Como não observo apenas a política de campanário, vou mais longe na geopolítica, tentarei fazer minha triagem socioeconômica do crime, como conseqüência de fatores políticos insustentáveis e profundamente arraigados habitualmente em nossa pobre cultura coletiva. O leitor atento e reflexio, sem as paixões de ser contra ou a favor o enunciado pelo ensaísta, vai entender um ponto de vista, talvez ainda não pensado, que, com modéstia (sem a falsa), coloco para àqueles apreciadores de um bom raciocínio, um bom pensamento lógico, apesar de ilógico em nosso país.
A História hoje não poupa detalhes, que a princípio eram escondidos, ou relegados a um segundo plano, mas que contêm e sempre contiveram o conteúdo pragmático que nos dá a sensação de 'coisa errada'. Isto porque a lei sempre impôs seus limites, mas anteriormente a favor dos poderosos do passado. Hoje, estamos a cada dia acessando os porões da História, limpando a poeira, rebuscando a verdade que nossos avós não nos contaram. E cada dia mais surpresos com essa verdade mentirosa dos velhos historiadores, os quais continuam a mentir em seus textos didáticos, mas já desconfiados por alunos com elevado espírito de argüição.

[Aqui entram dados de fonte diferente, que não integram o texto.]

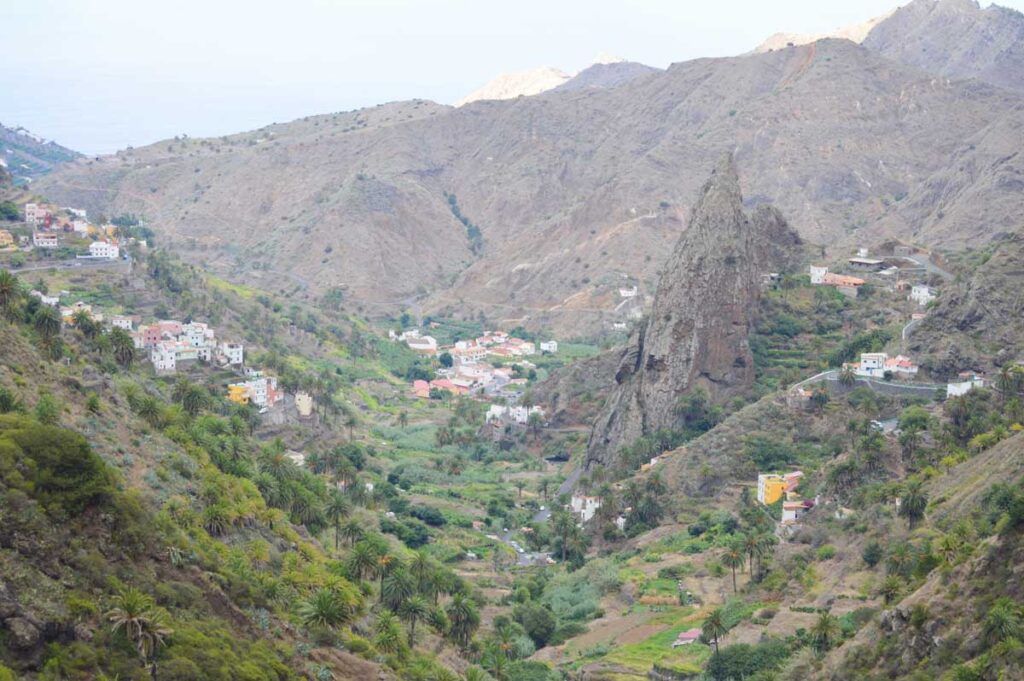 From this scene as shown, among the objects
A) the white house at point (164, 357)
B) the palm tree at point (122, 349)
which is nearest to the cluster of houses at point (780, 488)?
the palm tree at point (122, 349)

Se a lei ainda impõe limites, então parece ter sido provado, que os direitos dos pobres, deserdados e miseráveis sempre inexistiram em nosso país, porque ela a lei, impôs limites do ter e do não ter. Do ser e do não ser. Por exemplo: do ser brasileiro e do não ser brasileiro, mesmo nascendo no Brasil. Quem tem os poderes que o dinheiro confere é brasileiro. Quem não tem, não é brasileiro. Como se fosse o dinheiro a verdadeiro identidade que certifica ser ou não ser brasileiro. O próprio Estado (nação) burla, ou burlou os supostos direitos dos menos favorecidos, quando incapacitou-os por decreto a terem uma renda irremediavelmente exígua e que nunca satisfez à mínima sobrevivência deles. Daí uma boa porcentagem entra no crime para sobreviver, ou na melhor das hipóteses, para ter o que fazer, ou o que comer. E crime neste caso vai de um simples favor político, até o que podemos imaginar de gravíssimo. Muitos são mortos. O crime se agiganta e se organiza e tem início a repetição da História.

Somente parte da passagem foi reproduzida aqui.